Office of the Registry

Sydney No S75 of 1993

B e t w e e n -

STATE LOTTERIES OFFICE

(Now known as NSW Lotteries)

Applicant

and

DAVID WILLIAM BURGIN

Respondent

Application for special leave

to appeal

MASON CJ
GAUDRON J

McHUGH J

Lotteries 1 9/8/93

TRANSCRIPT OF PROCEEDINGS

AT SYDNEY ON MONDAY, 9 AUGUST 1993, AT 9.34 AM

Copyright in the High Court of Australia

MR K. MASON, OC, Solicitor-General for New South Wales: In

this matter, if the Court pleases, I appear with my

learned friends, MR A.W. STREET and

MR M. FITZSIMONS, for the applicant. (instructed

by H.K. Roberts, Crown Solicitor for the State of

New South Wales)

MR A.W.R. FENNELL:  May it please Your Honours, I appear for

the respondent to the application. (instructed by

Cutler Richardson & Burgin)

MASON CJ: Yes, Mr Solicitor.

MR MASON:  I have a short outline of our submissions and

four copies of the ticket - specimen copies only.

MASON CJ:  Does the outline tells us why special leave

should be granted in a case which appears purely to

be one of construction?

MR MASON:  Yes, Your Honour.
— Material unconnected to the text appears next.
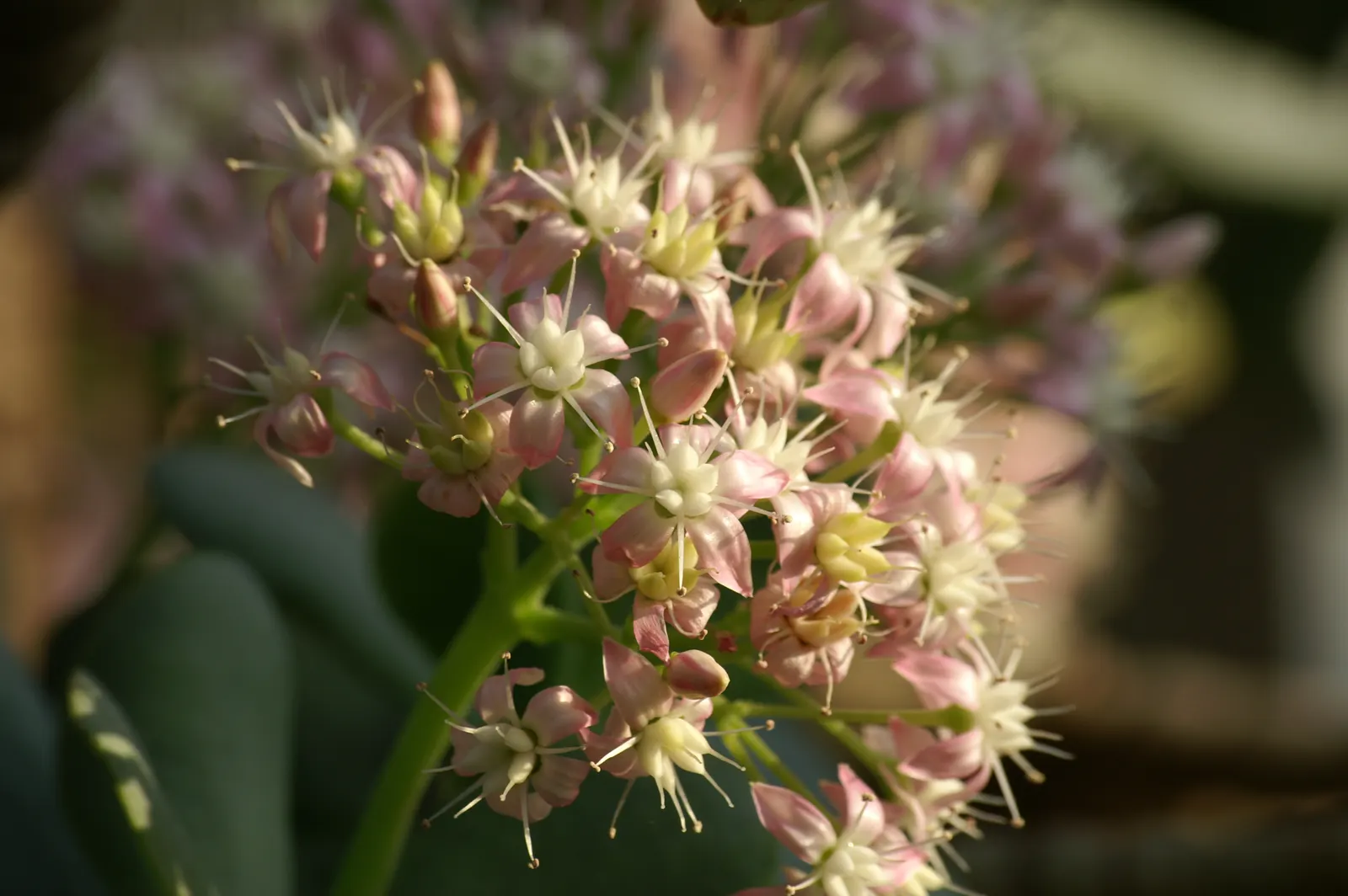 Silver Dollar Plant (Crassula Arborescens) — Thriving in USDA zones 9-12, it reaches up to 3-4 feet in height and width; necessitating only, image 53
I hope it is persuasive in

telling you that. It is a matter in which, we

submit, there is public importance for a number of

reasons. A very large number of claims have been

lodged since the decision was given by the Court of

Appeal. To date, $15 million worth of claims have

been lodged with respect to the same game and

another five in other identical games. Some of

these have already been the subject of proceedings

that have been commenced.

Since 45 per cent of the tickets would, on the

Court of Appeal's majority construction, be winning

tickets, the potential liability, if everybody

could find their ticket, would be in the billions.

There are identical games in other States - - -

MASON CJ:  Would be - you mentioned a figure.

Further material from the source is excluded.